CourtU.S. Court of Appeals — Seventh Circuit

OPINION TEXT STARTS HERE

Maria T. Baldini–Potermin (argued), Attorney, Chicago, IL, for Petitioner.OIL, Joanna L. Watson (argued), Attorneys, Department of Justice, Civil Division, Immigration Litigation, Washington, DC, for Respondent.Before BAUER, POSNER, and SYKES, Circuit Judges.SYKES, Circuit Judge.

Michael Frederick was born in Germany in 1957 and came to the United States at age four with his mother and sister. They were admitted as lawful permanent residents, and Frederick has remained in the United States since his admission in 1961. In 1990 he pleaded guilty in Illinois state court to two counts of aggravated sexual abuse of a minor. The charges involved two victims and were issued in separate cases, and Frederick was sentenced to concurrent four-year prison terms in each case. He served these sentences and was discharged from parole in 1993. For a long time he suffered no immigration consequences as a result of his convictions.

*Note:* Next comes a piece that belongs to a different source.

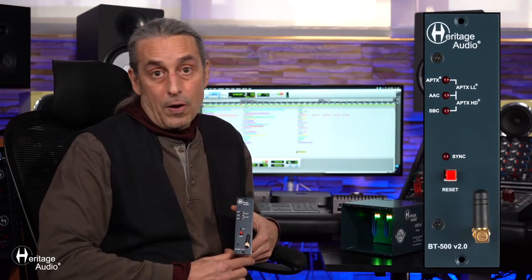This is a streaming unit that, through Bluetooth, will automatically recognize your device's best codec option, therefore ensuring the highest possible audio quality. There are several different formats available, compatible with all iOS as well as Android devices, even offering support for older systems such as SBC.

Fourteen years later, the Department of Homeland Security issued a Notice to Appear charging that Frederick was removable from the United States as an alien convicted of an aggravated felony relating to sexual abuse of a minor. See 8 U.S.C. § 1101(a)(43)(A). Frederick applied for a statutory waiver of removal under § 212(c) of the Immigration and Nationality Act (“INA”), 8 U.S.C. § 1182(c). An immigration judge found him ineligible for § 212(c) relief because the crime that made him removable—an aggravated felony involving sexual abuse of a minor—has no statutory counterpart or comparable ground for inadmissibility under § 212(a) of the INA. The Board of Immigration Appeals dismissed Frederick's appeal, and he petitioned this court for review.

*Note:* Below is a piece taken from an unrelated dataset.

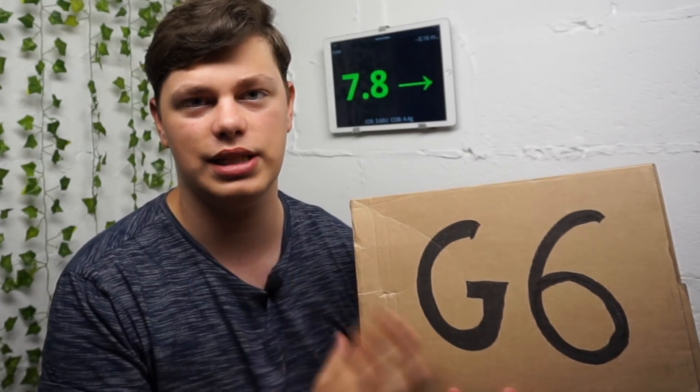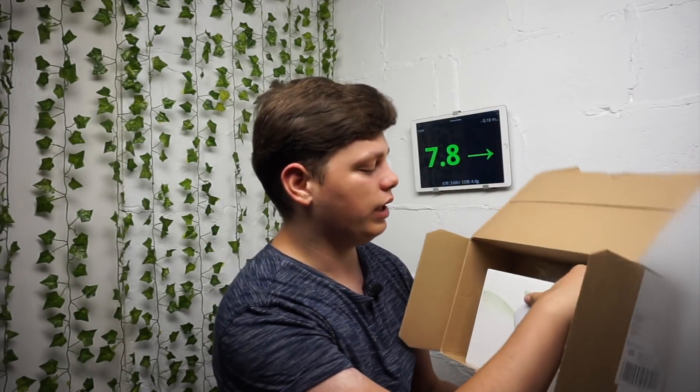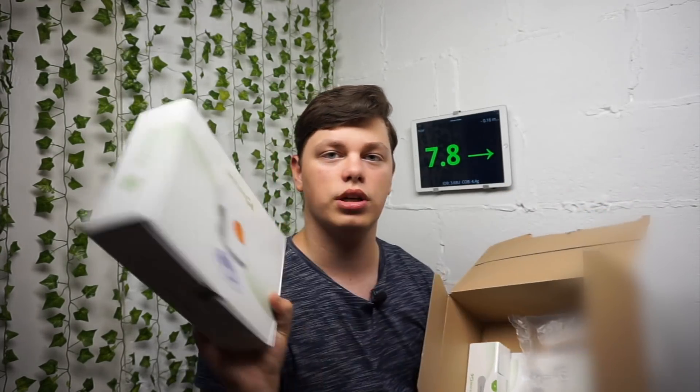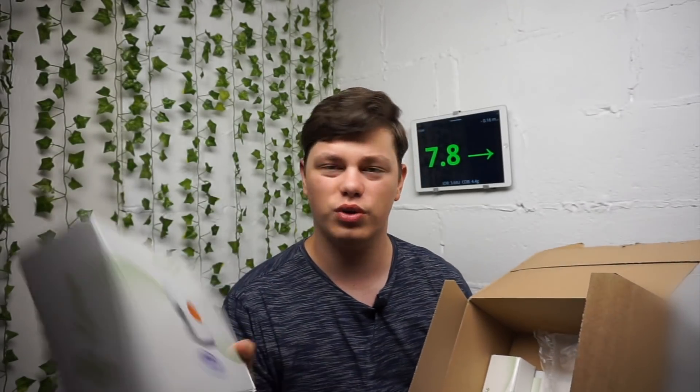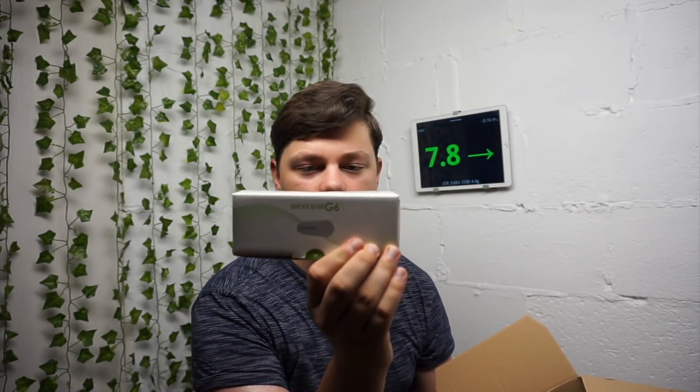In the UK the starter pack is 159 pounds, and that includes a box like this. The starter pack includes three sensors — one sensor lasts for 10 days, so that's about 30 days worth of sensors. I am planning to extend my Dexcom to use six sensors and hoping to get at least 15 to 20 days out of each sensor. You also get the transmitter, and that one transmitter lasts for three months.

We deny the petition. We have previously held that an aggravated felony involving sexual abuse of a minor has no statutory counterpart to a ground of inadmissibility under § 212(a) of the INA. See Zamora–Mallari v. Mukasey, 514 F.3d 679, 692–93 (7th Cir.2008). The BIA properly concluded that under Zamora–Mallari, Frederick is ineligible for § 212(c) relief. The “statutory counterpart” rule for § 212(c) eligibility is codified in 8 C.F.R. § 1212.3(f)(5) and well-established in BIA and circuit precedent. That Frederick was convicted of two crimes of sexual abuse of a minor does not change the application of the rule.

I. Background

In 1961 four-year-old Michael Frederick, a native and citizen of Germany, immigrated to the United States with his mother and sister and became a lawful permanent resident. In 1989 he was charged in Christian County, Illinois, with two counts of aggravated criminal sexual abuse of a minor. One of the two victims was his stepdaughter. In 1990 Frederick pleaded guilty to both counts and was sentenced to two four-year terms of imprisonment; the sentences were ordered to run concurrently. He served about a year in prison, was paroled, and successfully completed parole supervision in August 1993.

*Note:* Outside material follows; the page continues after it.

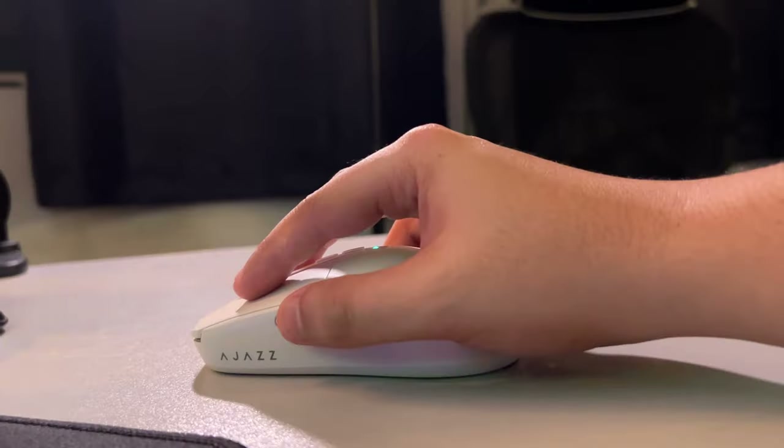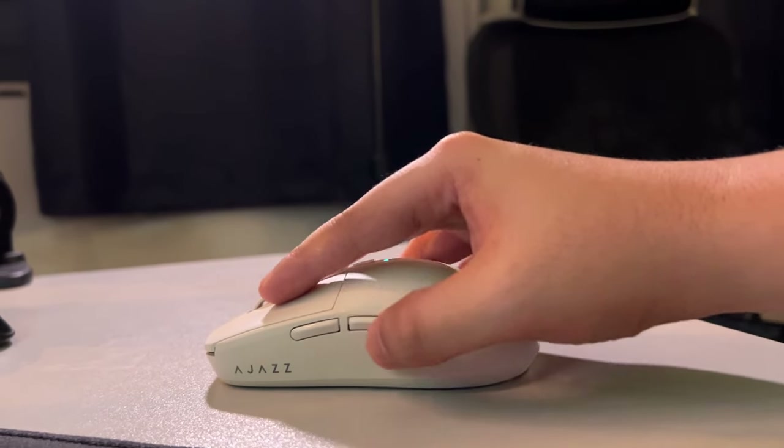I love how the thumb buttons are not placed too far away — my short thumbs do not feel stressed.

On October 15, 2007, DHS filed a Notice to Appear charging Frederick with removability pursuant to INA § 237(a)(2)(A)(iii), 8 U.S.C. § 1227(a)(2)(A)(iii), as an alien convicted of an aggravated felony relating to the sexual abuse of a minor. See INA § 101(a)(43)(A), 8 U.S.C. § 1101(a)(43)(A) (defining “aggravated felony” to include sexual abuse of a minor). Frederick contested removability by denying that he had been convicted of sexual abuse of a minor; he also filed an application for relief under former § 212(c) of the INA—a provision that permitted the Attorney General, in his discretion, to “waive” inadmissibility.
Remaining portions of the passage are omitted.